As a cover for her crimes while in her rejuvenated state, she takes the identity of her own 17-year-old daughter, Countess Ilona, whom she has Dobi hold captive in the woods by the mute money gambler. However, castle historian Fabio grows suspicious. Eventually, she kills a prostitute called Ziza, but her blood does not restore her like the others. Dobi finds Fabio, who has a book-chapter about blood sacrifices and tells Elisabeth the truth in return for being allowed to live. He reveals that only virgin blood will restore Elisabeth's youth and beauty.

Elisabeth then kills a peasant girl bought in the marketplace. Fabio tries to tell Toth the truth about her, but Dobi kills Fabio before he can do so. Dobi then exposes Elisabeth to Toth to steer him away from her. Elisabeth forces Toth into marrying her, but her daughter Ilona arrives home, having been brought by Dobi as a sacrifice, then freed by a repentant Julie who loved her as a daughter. At the wedding, Elisabeth grows old again after the priest pronounces the blessing. She tries to kill her daughter in front of the wedding attendees, but accidentally kills Toth instead. Elisabeth, Dobi and Julie are sentenced to death for their crimes and are last seen awaiting the hangman in their cell. In the final scene, the peasants curse Elisabeth as a "devil woman" and "Countess Dracula".

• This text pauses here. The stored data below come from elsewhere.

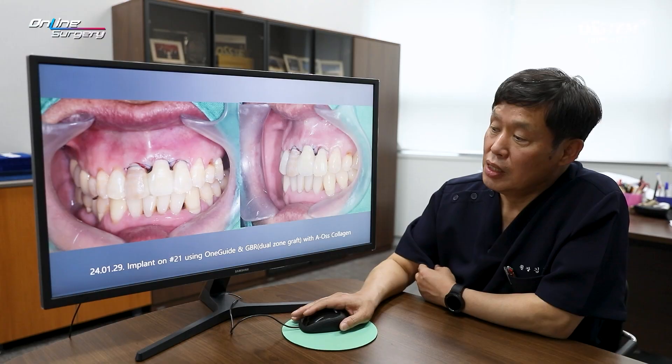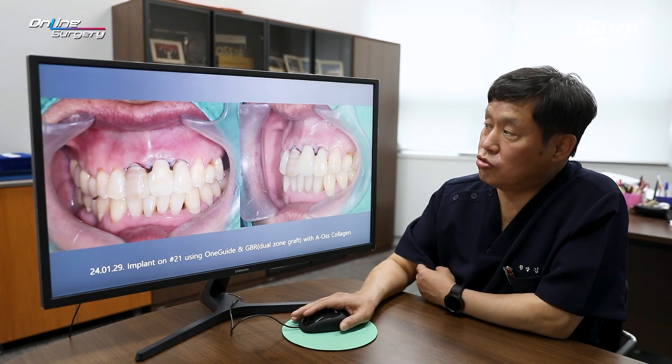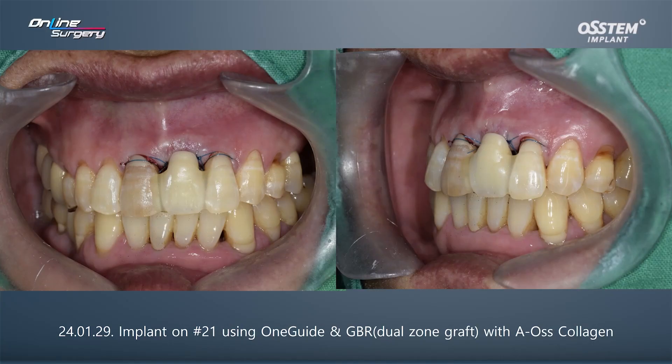This image shows the condition right after the surgery. Since this is an anterior tooth, it could be aesthetically unappealing. Therefore, we temporarily attached the tooth to the adjacent teeth using resin.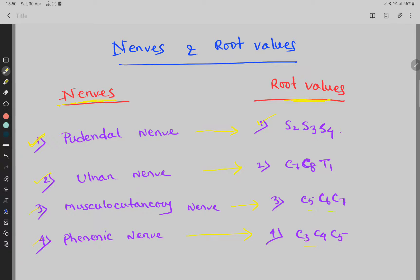To recap: musculocutaneous nerve C5, C6, C7; ulnar nerve C7, C8, and T1.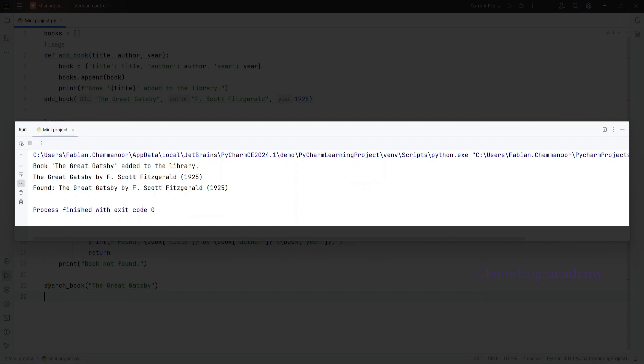And there you have it, we've created a simple library management system using the Python concepts we've learned. This is just one example of how you can combine these building blocks to create useful programs.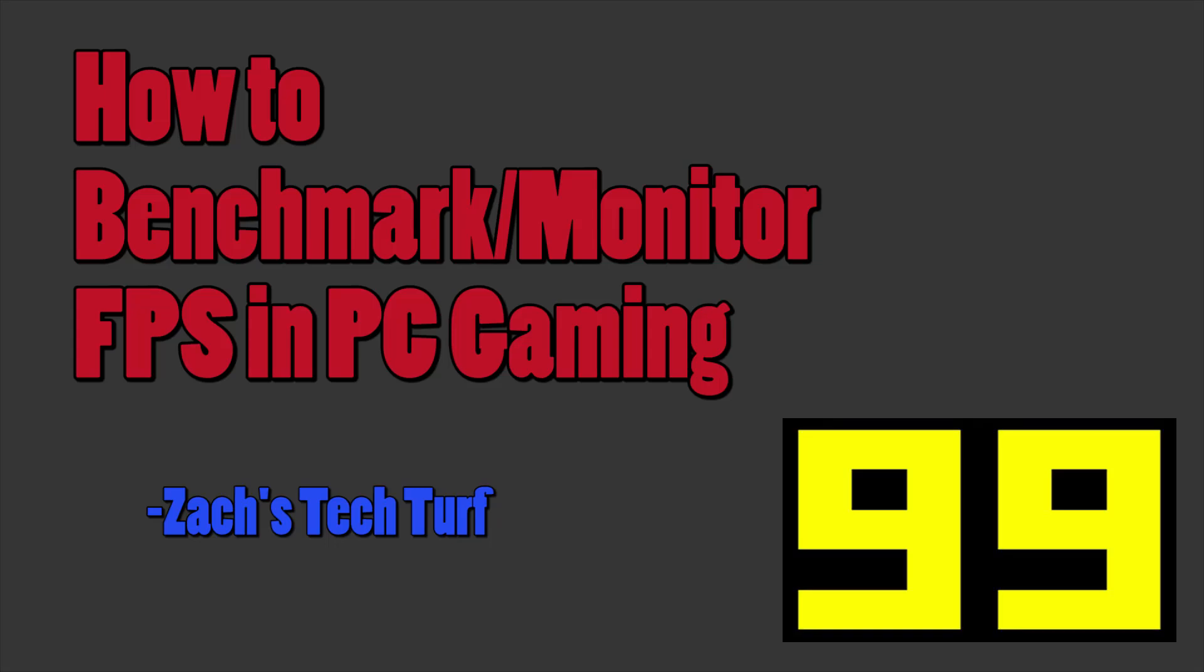Hey, welcome to Zach's Tech Turf. Today we have a tutorial on how to benchmark and monitor your frames per second while gaming on a PC.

Countess Dracula was inspired by the infamous Hungarian Countess Elizabeth Báthory (1560–1614), a landowner and noblewoman who was accused of murdering dozens of women and girls.

Cast
 Ingrid Pitt as Countess Elisabeth Nadasdy (voice dubbed by Olive Gregg, uncredited)
 Nigel Green as Captain Dobi, the castle steward
 Sandor Elès as Lt. Imre Toth
 Maurice Denham as Grand Master Fabio, castle historian
 Patience Collier as Julie Szentes, the Nurse
 Lesley-Anne Down as Countess Ilona Nadasdy, Elisabeth's daughter
 Peter Jeffrey as Captain Balogh, chief bailiff
 Leon Lissek as Sergeant of Bailiffs
 Jessie Evans as Rosa, Teri's mother
 Andria Lawrence as Ziza, the whore at the Shepperd's Inn
 Susan Brodrick as Teri, the chambermaid
 Nike Arrighi as Fortune-telling gypsy girl
 Marianne Stone as Kitchen Maid
 Charles Farrell as The Seller
 Anne Stallybrass as Pregnant Woman
 Michael Cadman as Young Man
Ian Trigger as Clown
 Alex Greenland (uncredited) as Choir Boy
 Hülya Babuş as Dancer

Release
The film opened at the New Victoria cinema in London on 31 January 1971 before going on general release in the UK on 14 February. It opened October 1972 in the United States.

Critical reception 
Allmovie has retrospectively called the film "one of the more underrated films from the latter days of the Hammer Films dynasty." The Hammer Story: The Authorised History of Hammer Films, on the other hand, wrote that the film's "distinctly anemic blood-lettings fail to lift a rather tiresome tale of court intrigue."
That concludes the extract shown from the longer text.